- What is required:
Using the records below, output the stretch that opens with the line containing "Intelligens újratölthető macskakút" and closes with the line containing "105 Patrice Crescent", exactly and including both lines, with nothing more.

[Records from a data source]
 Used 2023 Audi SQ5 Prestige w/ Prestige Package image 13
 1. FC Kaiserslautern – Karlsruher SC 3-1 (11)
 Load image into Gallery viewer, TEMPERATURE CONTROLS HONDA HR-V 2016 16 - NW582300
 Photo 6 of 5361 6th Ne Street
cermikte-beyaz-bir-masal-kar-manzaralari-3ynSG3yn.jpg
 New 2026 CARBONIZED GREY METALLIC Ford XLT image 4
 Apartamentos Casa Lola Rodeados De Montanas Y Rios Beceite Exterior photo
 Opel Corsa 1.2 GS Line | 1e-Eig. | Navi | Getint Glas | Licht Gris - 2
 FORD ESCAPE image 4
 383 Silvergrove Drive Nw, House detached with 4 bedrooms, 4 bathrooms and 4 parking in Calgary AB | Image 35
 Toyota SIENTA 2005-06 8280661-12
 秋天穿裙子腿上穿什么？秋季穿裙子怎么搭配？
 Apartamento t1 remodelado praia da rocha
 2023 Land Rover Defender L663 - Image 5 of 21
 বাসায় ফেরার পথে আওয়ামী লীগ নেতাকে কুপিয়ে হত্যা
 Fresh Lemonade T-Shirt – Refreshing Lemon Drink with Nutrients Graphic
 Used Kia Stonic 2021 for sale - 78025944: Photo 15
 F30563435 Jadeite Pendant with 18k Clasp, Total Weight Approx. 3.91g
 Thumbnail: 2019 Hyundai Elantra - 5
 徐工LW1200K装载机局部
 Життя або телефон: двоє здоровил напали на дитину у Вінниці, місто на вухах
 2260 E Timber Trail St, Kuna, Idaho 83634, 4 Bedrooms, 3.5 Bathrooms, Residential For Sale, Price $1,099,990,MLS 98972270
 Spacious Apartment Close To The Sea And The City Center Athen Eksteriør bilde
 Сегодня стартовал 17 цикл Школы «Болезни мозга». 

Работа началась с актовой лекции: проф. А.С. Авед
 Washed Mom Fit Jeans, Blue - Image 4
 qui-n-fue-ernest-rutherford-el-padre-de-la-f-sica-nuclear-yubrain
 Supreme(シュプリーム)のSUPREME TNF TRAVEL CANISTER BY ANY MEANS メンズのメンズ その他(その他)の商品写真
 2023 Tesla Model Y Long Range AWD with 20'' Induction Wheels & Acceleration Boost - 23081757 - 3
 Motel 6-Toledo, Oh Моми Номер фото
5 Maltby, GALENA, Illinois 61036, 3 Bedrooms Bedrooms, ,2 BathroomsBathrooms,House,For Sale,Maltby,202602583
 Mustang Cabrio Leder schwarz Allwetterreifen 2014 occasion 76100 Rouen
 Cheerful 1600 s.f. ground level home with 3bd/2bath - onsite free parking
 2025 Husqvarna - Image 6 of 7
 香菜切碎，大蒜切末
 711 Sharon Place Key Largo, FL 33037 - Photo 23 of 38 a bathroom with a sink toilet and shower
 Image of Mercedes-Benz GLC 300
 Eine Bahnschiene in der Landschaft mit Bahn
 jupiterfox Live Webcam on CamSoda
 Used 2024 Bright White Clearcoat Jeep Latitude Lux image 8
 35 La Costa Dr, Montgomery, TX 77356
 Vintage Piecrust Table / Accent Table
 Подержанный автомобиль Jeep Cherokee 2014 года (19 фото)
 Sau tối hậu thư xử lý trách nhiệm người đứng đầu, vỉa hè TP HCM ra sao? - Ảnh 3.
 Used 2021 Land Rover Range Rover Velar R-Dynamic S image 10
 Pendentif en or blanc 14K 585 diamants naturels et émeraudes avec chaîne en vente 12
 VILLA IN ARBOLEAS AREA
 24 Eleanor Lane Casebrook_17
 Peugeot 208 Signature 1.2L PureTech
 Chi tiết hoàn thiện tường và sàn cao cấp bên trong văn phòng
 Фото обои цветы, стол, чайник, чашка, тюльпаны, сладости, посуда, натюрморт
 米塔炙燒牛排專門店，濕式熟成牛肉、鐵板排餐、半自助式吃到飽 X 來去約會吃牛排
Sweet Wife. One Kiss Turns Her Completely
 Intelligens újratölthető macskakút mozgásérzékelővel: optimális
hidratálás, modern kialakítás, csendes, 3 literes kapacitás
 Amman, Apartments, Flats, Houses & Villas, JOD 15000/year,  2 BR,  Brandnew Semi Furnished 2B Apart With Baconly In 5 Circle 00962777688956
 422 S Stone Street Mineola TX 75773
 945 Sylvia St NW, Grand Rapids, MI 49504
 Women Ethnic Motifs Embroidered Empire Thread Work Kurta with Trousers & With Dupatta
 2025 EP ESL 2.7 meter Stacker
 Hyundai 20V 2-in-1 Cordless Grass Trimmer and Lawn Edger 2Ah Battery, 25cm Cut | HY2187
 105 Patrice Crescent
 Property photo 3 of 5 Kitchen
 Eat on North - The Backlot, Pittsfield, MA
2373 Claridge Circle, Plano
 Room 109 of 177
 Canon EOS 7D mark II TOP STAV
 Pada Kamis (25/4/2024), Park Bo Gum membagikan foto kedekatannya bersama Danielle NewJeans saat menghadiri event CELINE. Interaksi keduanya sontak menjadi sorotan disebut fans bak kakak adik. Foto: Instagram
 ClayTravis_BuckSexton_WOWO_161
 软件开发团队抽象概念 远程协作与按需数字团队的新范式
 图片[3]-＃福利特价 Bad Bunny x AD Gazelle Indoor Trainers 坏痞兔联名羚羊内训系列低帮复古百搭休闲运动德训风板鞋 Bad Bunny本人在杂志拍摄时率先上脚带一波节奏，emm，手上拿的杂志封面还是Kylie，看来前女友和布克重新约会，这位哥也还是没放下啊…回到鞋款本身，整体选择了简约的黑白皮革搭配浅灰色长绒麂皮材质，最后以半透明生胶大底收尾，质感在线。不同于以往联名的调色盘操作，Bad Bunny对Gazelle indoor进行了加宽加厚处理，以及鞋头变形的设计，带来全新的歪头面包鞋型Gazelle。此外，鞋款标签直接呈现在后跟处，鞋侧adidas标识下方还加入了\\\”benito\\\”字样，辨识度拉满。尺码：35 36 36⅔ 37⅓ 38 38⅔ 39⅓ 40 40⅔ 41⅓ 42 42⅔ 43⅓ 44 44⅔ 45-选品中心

- Result for this task:
 Intelligens újratölthető macskakút mozgásérzékelővel: optimális
hidratálás, modern kialakítás, csendes, 3 literes kapacitás
 Amman, Apartments, Flats, Houses & Villas, JOD 15000/year,  2 BR,  Brandnew Semi Furnished 2B Apart With Baconly In 5 Circle 00962777688956
 422 S Stone Street Mineola TX 75773
 945 Sylvia St NW, Grand Rapids, MI 49504
 Women Ethnic Motifs Embroidered Empire Thread Work Kurta with Trousers & With Dupatta
 2025 EP ESL 2.7 meter Stacker
 Hyundai 20V 2-in-1 Cordless Grass Trimmer and Lawn Edger 2Ah Battery, 25cm Cut | HY2187
 105 Patrice Crescent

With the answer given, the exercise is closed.